Distribution Investments (Resiliency Project)
Xcel has proposed investing $644 million in replacements and upgrades to their distribution system through the Incremental System Investment (ISI) initiative between now and 2025. These investments could increase system resilience and prepare the system for increased electrification as society transitions away from gas, as well as increased distributed energy resources like rooftop solar. This is a great goal and Fresh Energy is all for improving our grid for customers and clean energy resources. But there are some gaps in the current plan. On average, the proposed spending is ~600% higher than the 2019 budget for similar projects and Xcel has not yet demonstrated that this large increase is needed, nor that it will generate customer or societal benefits outweighing the costs. This is an essential analysis to complete before proceeding with a significant portfolio of infrastructure projects.
Interconnection (Fresh Energy recommended addition as “Clean Energy Project”)

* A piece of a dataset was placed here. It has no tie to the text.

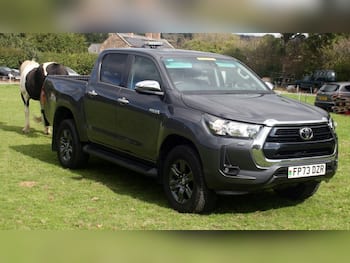 Used Toyota Hilux 2023 for sale - 79867103: Photo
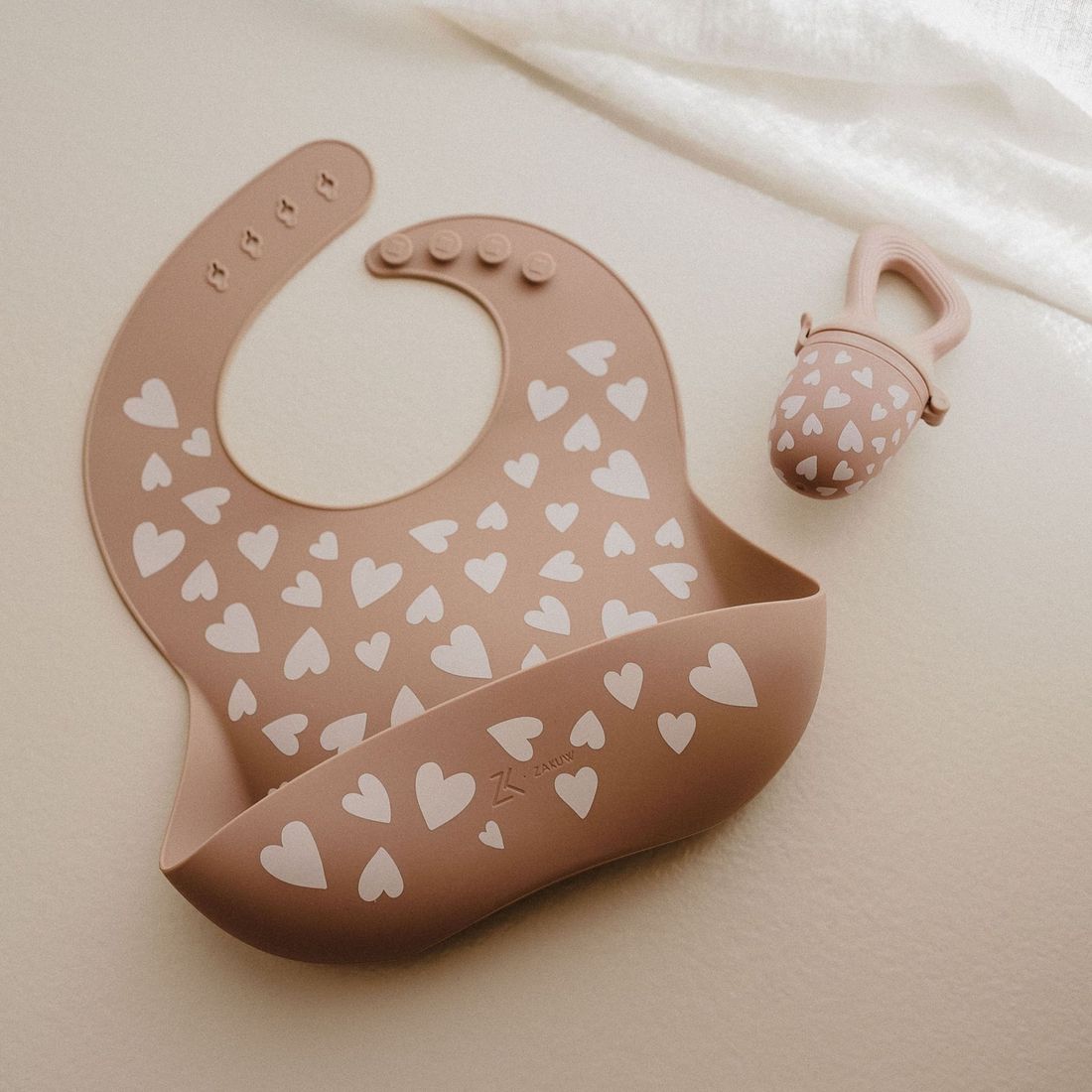 Bavoir en silicone Fall In Love taupe rose (Zakuw) - Image 6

Investments in Xcel’s distributed resources interconnection team would be a low-cost way to spur economic development through distributed energy markets. This is a great opportunity because these projects should be quicker to complete and generally create more jobs per MW (6x-11x more) than large grid-scale projects. Xcel has a long backlog of distributed solar projects waiting for approval to connect, and delays have created a bottleneck for Minnesota’s solar market. A relatively small investment in their interconnection team could ensure engineering studies are completed on time, enabling local clean energy companies to hire up and accelerate these investments.
We can’t stress enough how exciting it is to see a utility like Xcel Energy propose accelerating such broad-sweeping investments; leveraging its access to capital to invest in Minnesota, spurring jobs and economic stimulus. Of course, with the elements of the proposal including everything listed on this blog post, more information will be forthcoming to bring these from proposals to investment in the ground. We also commend other Minnesota utilities, Minnesota Power and Otter Tail Power for submitting their own solar proposals to the Public Utilities Commission.
With all utility proposals, we look forward to seeing the specifics on project timelines, implementation, and customer benefits outlined for all aspects of each proposal. The Public Utilities Commission is holding a planning meeting on July 29, 2020 to discuss utility proposals. Fresh Energy will be in attendance at the meeting and keeping a close eye on any and all developments. Stay tuned!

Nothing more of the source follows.